J.K. Rowling, The Solitary House, and the Public Shaming of Lynn Shepherd

J.K. Rowling, The Solitary House, and the Public Shaming of Lynn Shepherd

The Solitary House  Lynn Shepherd-smallLynn Shepherd’s latest novel The Solitary House, set in the gas-lit world of London in 1850, features a pair of detectives — one of whom appears to be suffering from early stage Alzheimer’s — in the employ of a powerful financier with a dark past. It sounds fascinating, actually, exactly the kind of book I’d be interested in reading.

Of course, that was before she took a swipe at the world’s most popular fantasy writer in an ill-conceived and mean-spirited article last week at The Huffington Post, “If JK Rowling Cares About Writing, She Should Stop Doing It.”
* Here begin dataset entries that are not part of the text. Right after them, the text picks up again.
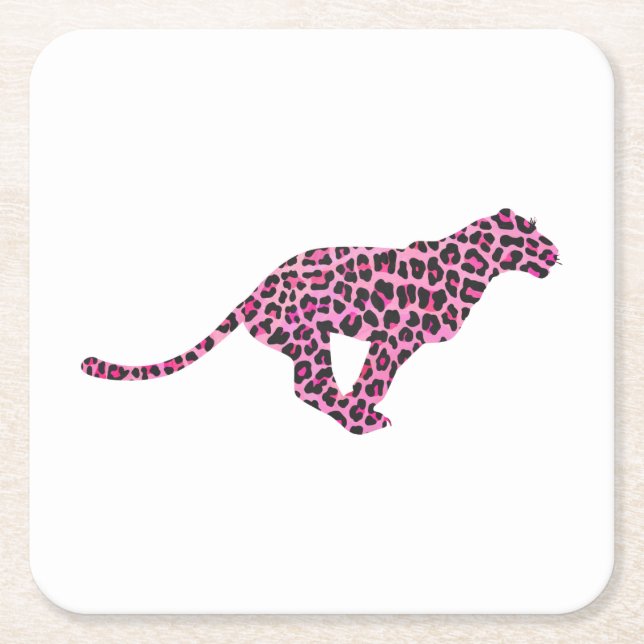 Porta-copo De Papel Quadrado Silhouette Pink e Black Leopard (Frente)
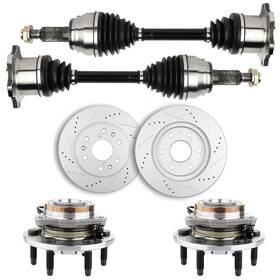 Afp832677a20 Afpaparts20 Fits Silverado 1500 4.3l 2008-2013 Front Cv Axle Brake Rotors Wheel Bearing Hub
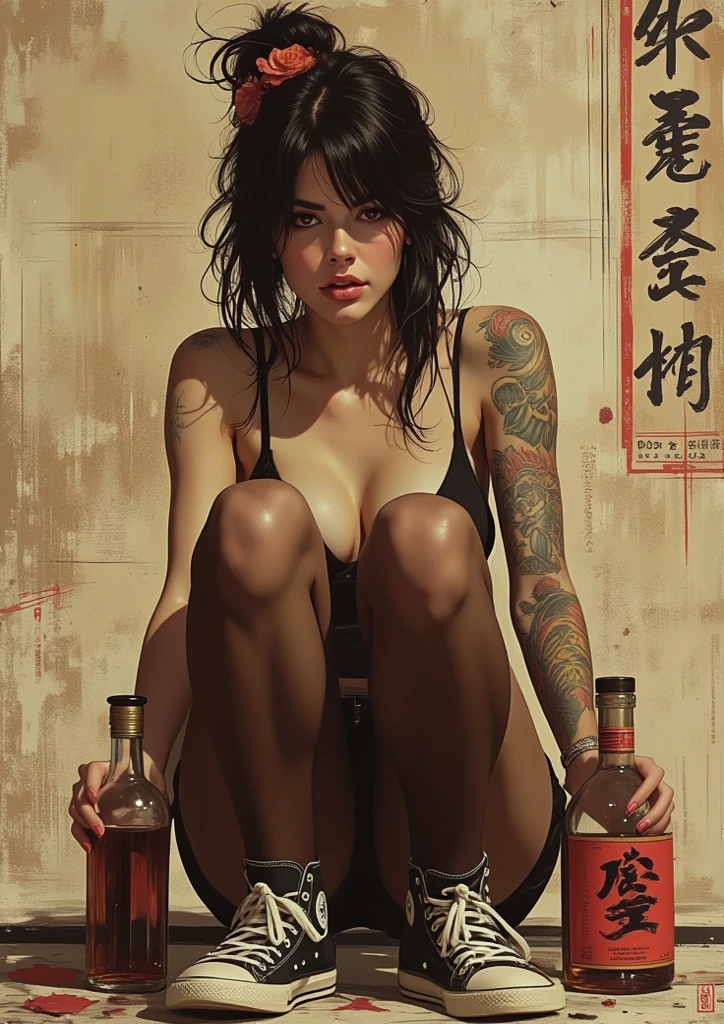 HD quality, woman with a tattoo on her arm, cyberpunk beautiful naked girl, beautiful cyberpunk girl face, dreamy naked cyberpunk girl, cyberpunk art ultrarealistic 8k, cyberpunk 2 0 y. o model naked girl, beautiful naked cyberpunk woman model, sitting on top of a trashcan, leaning back, spreading legs, showing her big hairy wet pussy, Drinking can of soda, 4k highly detailed digital art, beautiful digital artwork, cyberpunk cyborg. roses, realistic digital art 4k, Cyberpunk city street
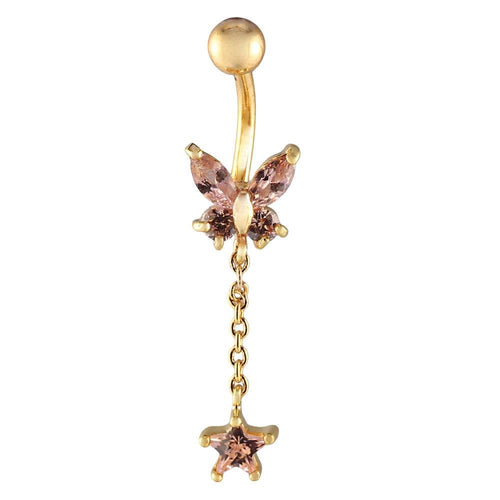 Bauchnabelpiercing goldfarben Schmetterling Stern rosa Zirkonia Edelstahl - chic - net.de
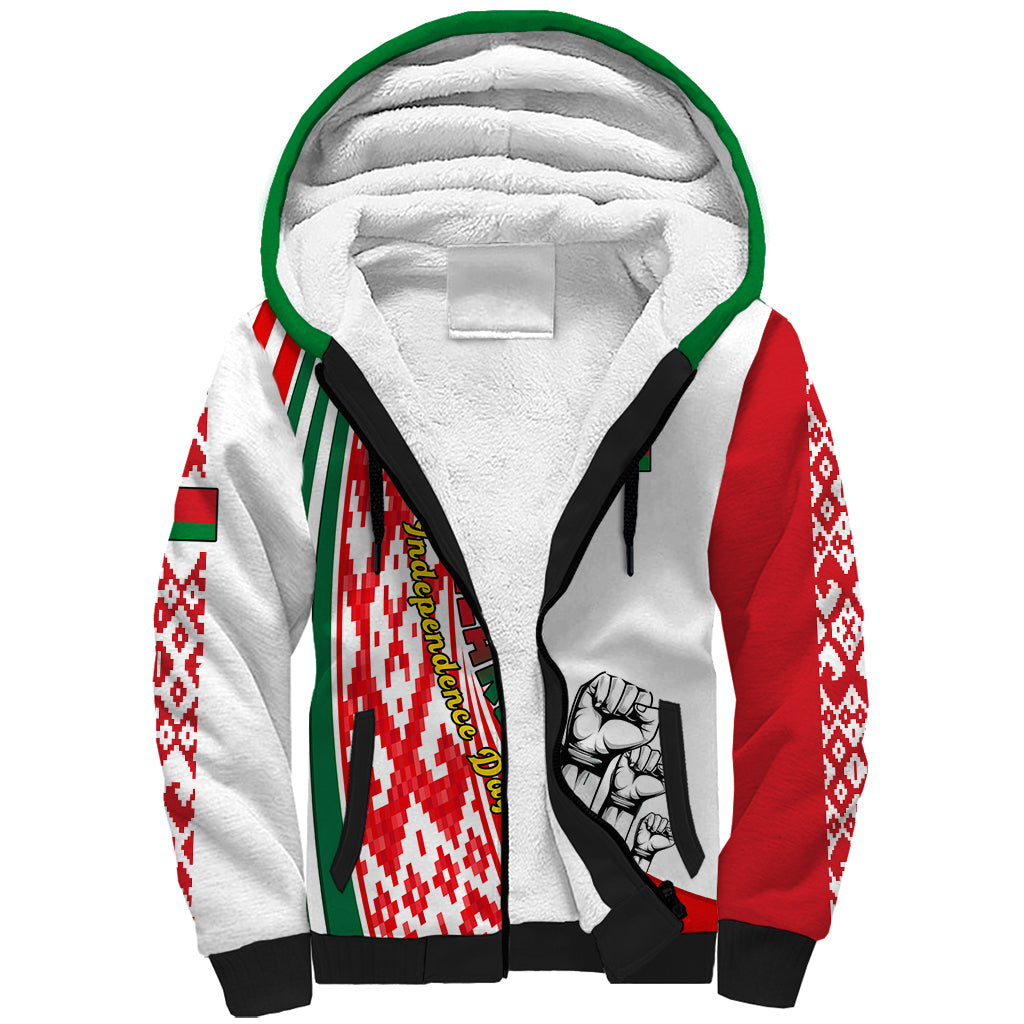 Custom 3 July Belarus Independence Day Sherpa Hoodie Belarusian Flag Style Special Version - Wonder Print Shop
I didn’t much mind Rowling when she was Pottering about. I’ve never read a word (or seen a minute) so I can’t comment on whether the books were good, bad or indifferent. I did think it a shame that adults were reading them… But The Casual Vacancy changed all that… That book sucked the oxygen from the entire publishing and reading atmosphere… what can an ordinary author do, up against such a Golgomath?

And then there was the whole Cuckoo’s Calling saga… The book dominated crime lists, and crime reviews in newspapers, and crime sections in bookshops, making it even more difficult than it already was for other books — just as well-written, and just as well-received — to get a look in. Rowling has no need of either the shelf space or the column inches, but other writers desperately do.

Now Rowling’s legions of fans are venting their anger at Shepherd in a cascade of 1-star reviews at Amazon,com, which are quickly overwhelming legitimate reviews of the book. As of this morning, there are 59; here are just a few snippets from the more entertaining examples.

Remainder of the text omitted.